◆ **Task brief**:
Return the entries below exactly as written.

◆ **Data excerpts**:
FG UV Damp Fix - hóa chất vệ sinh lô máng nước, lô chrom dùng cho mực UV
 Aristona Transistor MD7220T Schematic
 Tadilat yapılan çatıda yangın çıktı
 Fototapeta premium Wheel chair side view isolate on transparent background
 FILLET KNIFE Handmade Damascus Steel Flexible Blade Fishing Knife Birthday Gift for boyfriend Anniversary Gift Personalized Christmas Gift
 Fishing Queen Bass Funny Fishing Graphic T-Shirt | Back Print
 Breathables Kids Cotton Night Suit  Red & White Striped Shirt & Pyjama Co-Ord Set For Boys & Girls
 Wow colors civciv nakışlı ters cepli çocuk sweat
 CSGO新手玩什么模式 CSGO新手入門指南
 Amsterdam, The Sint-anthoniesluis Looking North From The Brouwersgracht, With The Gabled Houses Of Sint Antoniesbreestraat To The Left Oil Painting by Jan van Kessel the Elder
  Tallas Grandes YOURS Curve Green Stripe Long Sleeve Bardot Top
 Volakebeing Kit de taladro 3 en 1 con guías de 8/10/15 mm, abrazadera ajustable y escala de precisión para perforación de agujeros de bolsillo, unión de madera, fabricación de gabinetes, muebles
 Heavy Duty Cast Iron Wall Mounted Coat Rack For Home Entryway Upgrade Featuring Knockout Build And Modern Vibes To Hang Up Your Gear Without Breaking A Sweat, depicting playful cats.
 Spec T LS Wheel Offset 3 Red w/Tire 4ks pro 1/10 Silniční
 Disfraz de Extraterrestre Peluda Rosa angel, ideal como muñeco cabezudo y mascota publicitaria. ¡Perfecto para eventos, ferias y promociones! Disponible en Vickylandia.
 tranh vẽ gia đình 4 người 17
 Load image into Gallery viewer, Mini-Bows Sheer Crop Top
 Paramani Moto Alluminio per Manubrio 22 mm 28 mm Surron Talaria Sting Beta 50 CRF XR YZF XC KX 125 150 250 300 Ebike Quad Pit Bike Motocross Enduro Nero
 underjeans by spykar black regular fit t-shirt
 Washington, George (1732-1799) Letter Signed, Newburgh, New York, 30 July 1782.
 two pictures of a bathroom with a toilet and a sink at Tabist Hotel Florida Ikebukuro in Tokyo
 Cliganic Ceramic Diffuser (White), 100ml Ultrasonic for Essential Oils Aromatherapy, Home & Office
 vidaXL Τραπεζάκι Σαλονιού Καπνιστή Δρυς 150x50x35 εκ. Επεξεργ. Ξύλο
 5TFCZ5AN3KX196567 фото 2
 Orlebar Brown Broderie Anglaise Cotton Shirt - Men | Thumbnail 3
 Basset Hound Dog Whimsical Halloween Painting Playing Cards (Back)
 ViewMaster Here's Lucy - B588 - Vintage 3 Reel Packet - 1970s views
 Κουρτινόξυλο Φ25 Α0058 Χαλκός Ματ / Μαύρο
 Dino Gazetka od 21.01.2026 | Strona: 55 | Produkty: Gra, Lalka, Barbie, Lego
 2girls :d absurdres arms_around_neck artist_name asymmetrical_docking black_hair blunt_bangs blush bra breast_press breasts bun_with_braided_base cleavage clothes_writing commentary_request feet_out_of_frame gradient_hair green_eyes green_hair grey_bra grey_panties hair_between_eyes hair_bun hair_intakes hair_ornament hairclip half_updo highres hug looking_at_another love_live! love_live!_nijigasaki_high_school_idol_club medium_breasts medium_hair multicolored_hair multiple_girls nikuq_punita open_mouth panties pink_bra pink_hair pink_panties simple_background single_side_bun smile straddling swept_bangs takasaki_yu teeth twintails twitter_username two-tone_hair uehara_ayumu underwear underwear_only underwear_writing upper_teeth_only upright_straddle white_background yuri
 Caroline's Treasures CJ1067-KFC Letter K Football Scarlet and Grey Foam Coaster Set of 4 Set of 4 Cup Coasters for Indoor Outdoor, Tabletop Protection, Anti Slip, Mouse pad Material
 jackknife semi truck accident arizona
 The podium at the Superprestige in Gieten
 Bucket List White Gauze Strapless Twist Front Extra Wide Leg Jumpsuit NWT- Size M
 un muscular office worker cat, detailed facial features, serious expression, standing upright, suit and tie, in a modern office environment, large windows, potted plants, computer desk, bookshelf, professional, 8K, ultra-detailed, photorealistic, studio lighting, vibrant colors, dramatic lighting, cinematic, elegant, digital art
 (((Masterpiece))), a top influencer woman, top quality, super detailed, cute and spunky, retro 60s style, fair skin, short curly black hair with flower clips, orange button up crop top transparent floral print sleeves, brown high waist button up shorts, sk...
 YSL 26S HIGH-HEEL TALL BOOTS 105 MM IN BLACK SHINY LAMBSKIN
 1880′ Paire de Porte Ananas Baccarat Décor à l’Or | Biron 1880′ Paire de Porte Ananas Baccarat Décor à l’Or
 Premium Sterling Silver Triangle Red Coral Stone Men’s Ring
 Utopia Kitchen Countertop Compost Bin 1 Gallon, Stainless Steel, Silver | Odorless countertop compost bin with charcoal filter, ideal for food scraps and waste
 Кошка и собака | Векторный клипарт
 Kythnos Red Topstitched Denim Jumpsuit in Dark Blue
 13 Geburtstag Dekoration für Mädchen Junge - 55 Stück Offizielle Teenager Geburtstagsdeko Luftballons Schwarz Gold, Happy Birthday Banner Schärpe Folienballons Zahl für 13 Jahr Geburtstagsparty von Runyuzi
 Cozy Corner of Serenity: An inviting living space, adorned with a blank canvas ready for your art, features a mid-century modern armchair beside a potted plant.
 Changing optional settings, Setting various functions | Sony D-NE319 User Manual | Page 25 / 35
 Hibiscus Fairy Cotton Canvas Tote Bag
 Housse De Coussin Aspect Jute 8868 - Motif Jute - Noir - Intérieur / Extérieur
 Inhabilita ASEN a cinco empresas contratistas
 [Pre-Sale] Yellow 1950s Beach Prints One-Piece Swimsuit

◆ **Solved problem**:
FG UV Damp Fix - hóa chất vệ sinh lô máng nước, lô chrom dùng cho mực UV
 Aristona Transistor MD7220T Schematic
 Tadilat yapılan çatıda yangın çıktı
 Fototapeta premium Wheel chair side view isolate on transparent background
 FILLET KNIFE Handmade Damascus Steel Flexible Blade Fishing Knife Birthday Gift for boyfriend Anniversary Gift Personalized Christmas Gift
 Fishing Queen Bass Funny Fishing Graphic T-Shirt | Back Print
 Breathables Kids Cotton Night Suit  Red & White Striped Shirt & Pyjama Co-Ord Set For Boys & Girls
 Wow colors civciv nakışlı ters cepli çocuk sweat
 CSGO新手玩什么模式 CSGO新手入門指南
 Amsterdam, The Sint-anthoniesluis Looking North From The Brouwersgracht, With The Gabled Houses Of Sint Antoniesbreestraat To The Left Oil Painting by Jan van Kessel the Elder
  Tallas Grandes YOURS Curve Green Stripe Long Sleeve Bardot Top
 Volakebeing Kit de taladro 3 en 1 con guías de 8/10/15 mm, abrazadera ajustable y escala de precisión para perforación de agujeros de bolsillo, unión de madera, fabricación de gabinetes, muebles
 Heavy Duty Cast Iron Wall Mounted Coat Rack For Home Entryway Upgrade Featuring Knockout Build And Modern Vibes To Hang Up Your Gear Without Breaking A Sweat, depicting playful cats.
 Spec T LS Wheel Offset 3 Red w/Tire 4ks pro 1/10 Silniční
 Disfraz de Extraterrestre Peluda Rosa angel, ideal como muñeco cabezudo y mascota publicitaria. ¡Perfecto para eventos, ferias y promociones! Disponible en Vickylandia.
 tranh vẽ gia đình 4 người 17
 Load image into Gallery viewer, Mini-Bows Sheer Crop Top
 Paramani Moto Alluminio per Manubrio 22 mm 28 mm Surron Talaria Sting Beta 50 CRF XR YZF XC KX 125 150 250 300 Ebike Quad Pit Bike Motocross Enduro Nero
 underjeans by spykar black regular fit t-shirt
 Washington, George (1732-1799) Letter Signed, Newburgh, New York, 30 July 1782.
 two pictures of a bathroom with a toilet and a sink at Tabist Hotel Florida Ikebukuro in Tokyo
 Cliganic Ceramic Diffuser (White), 100ml Ultrasonic for Essential Oils Aromatherapy, Home & Office
 vidaXL Τραπεζάκι Σαλονιού Καπνιστή Δρυς 150x50x35 εκ. Επεξεργ. Ξύλο
 5TFCZ5AN3KX196567 фото 2
 Orlebar Brown Broderie Anglaise Cotton Shirt - Men | Thumbnail 3
 Basset Hound Dog Whimsical Halloween Painting Playing Cards (Back)
 ViewMaster Here's Lucy - B588 - Vintage 3 Reel Packet - 1970s views
 Κουρτινόξυλο Φ25 Α0058 Χαλκός Ματ / Μαύρο
 Dino Gazetka od 21.01.2026 | Strona: 55 | Produkty: Gra, Lalka, Barbie, Lego
 2girls :d absurdres arms_around_neck artist_name asymmetrical_docking black_hair blunt_bangs blush bra breast_press breasts bun_with_braided_base cleavage clothes_writing commentary_request feet_out_of_frame gradient_hair green_eyes green_hair grey_bra grey_panties hair_between_eyes hair_bun hair_intakes hair_ornament hairclip half_updo highres hug looking_at_another love_live! love_live!_nijigasaki_high_school_idol_club medium_breasts medium_hair multicolored_hair multiple_girls nikuq_punita open_mouth panties pink_bra pink_hair pink_panties simple_background single_side_bun smile straddling swept_bangs takasaki_yu teeth twintails twitter_username two-tone_hair uehara_ayumu underwear underwear_only underwear_writing upper_teeth_only upright_straddle white_background yuri
 Caroline's Treasures CJ1067-KFC Letter K Football Scarlet and Grey Foam Coaster Set of 4 Set of 4 Cup Coasters for Indoor Outdoor, Tabletop Protection, Anti Slip, Mouse pad Material
 jackknife semi truck accident arizona
 The podium at the Superprestige in Gieten
 Bucket List White Gauze Strapless Twist Front Extra Wide Leg Jumpsuit NWT- Size M
 un muscular office worker cat, detailed facial features, serious expression, standing upright, suit and tie, in a modern office environment, large windows, potted plants, computer desk, bookshelf, professional, 8K, ultra-detailed, photorealistic, studio lighting, vibrant colors, dramatic lighting, cinematic, elegant, digital art
 (((Masterpiece))), a top influencer woman, top quality, super detailed, cute and spunky, retro 60s style, fair skin, short curly black hair with flower clips, orange button up crop top transparent floral print sleeves, brown high waist button up shorts, sk...
 YSL 26S HIGH-HEEL TALL BOOTS 105 MM IN BLACK SHINY LAMBSKIN
 1880′ Paire de Porte Ananas Baccarat Décor à l’Or | Biron 1880′ Paire de Porte Ananas Baccarat Décor à l’Or
 Premium Sterling Silver Triangle Red Coral Stone Men’s Ring
 Utopia Kitchen Countertop Compost Bin 1 Gallon, Stainless Steel, Silver | Odorless countertop compost bin with charcoal filter, ideal for food scraps and waste
 Кошка и собака | Векторный клипарт
 Kythnos Red Topstitched Denim Jumpsuit in Dark Blue
 13 Geburtstag Dekoration für Mädchen Junge - 55 Stück Offizielle Teenager Geburtstagsdeko Luftballons Schwarz Gold, Happy Birthday Banner Schärpe Folienballons Zahl für 13 Jahr Geburtstagsparty von Runyuzi
 Cozy Corner of Serenity: An inviting living space, adorned with a blank canvas ready for your art, features a mid-century modern armchair beside a potted plant.
 Changing optional settings, Setting various functions | Sony D-NE319 User Manual | Page 25 / 35
 Hibiscus Fairy Cotton Canvas Tote Bag
 Housse De Coussin Aspect Jute 8868 - Motif Jute - Noir - Intérieur / Extérieur
 Inhabilita ASEN a cinco empresas contratistas
 [Pre-Sale] Yellow 1950s Beach Prints One-Piece Swimsuit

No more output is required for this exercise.